Avaroa selects Hawaiki Cable for connectivity to Australia

Submarine cable on seabed with fish and rocks.

Avaroa Cable Limited (ACL) has selected Hawaiki Submarine Cable (Hawaiki) for the provision of international capacity from Samoa to Australia.

ACL is a state-owned enterprise of the Cooks Islands government and is funded by the New Zealand Aid Programme and the Asian Development Bank (ADB). ACL is also a member of the Manatua - One Polynesia subsea cable consortium, which connects French Polynesia, Rarotonga and Aitutaki in the Cook Islands, Niue and Samoa.

“Submarine cable assets are increasingly seen as critical to bridging the digital divide in the Pacific Islands and provide further development opportunities to businesses and communities in remote areas,” said Remi Galasso CEO of Hawaiki.

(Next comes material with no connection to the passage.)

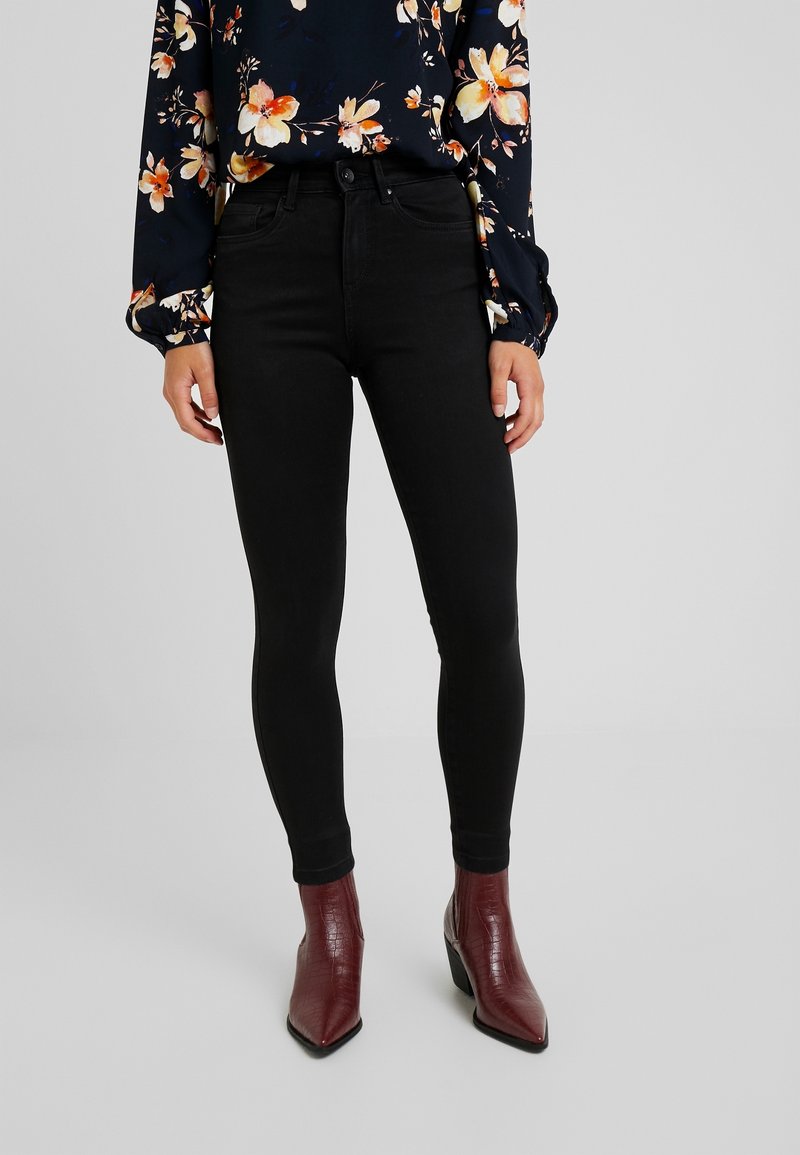 Femme portant un jean skinny noir, un chemisier floral foncé et des bottines bordeaux à bout pointu, debout devant un fond uni.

“We look forward to collaborating with Avaroa Cable to bring this vision to life and building further on their great work transforming communications throughout the Cook Islands via the deployment of future-proof and open-access subsea connectivity.”

Under the terms of the multi-million-dollar deal, Hawaiki will provide ACL with international capacity from the Manatua cable termination point in Apia, Samoa to Sydney, Australia. The turn-key solution is comprised of multiple subsea links, including the Samoa to American Samoa cable and the American Samoa branch to Hawaiki cable.

“ACL is very excited to have successfully achieved this key milestone and to now be able to offer this additional capacity to our wholesale customers," added Mike Schwarz, CEO of Avaroa Cable.

"We see this investment as an important enabler to improve resilience and deliver more connectivity to meet the increasing demand by consumers in the Cook Islands. We believe this new partnership is going to greatly benefit businesses and the local community.”

Once the project is complete, the solution will further secure trans-Pacific connectivity, provide much-needed diversity in support of ACL’s wholesale business and deliver high-speed broadband to local operators in the Cook Islands. It also bolsters the Cook Islands’ digital economy, specifically new e-services such as health and education.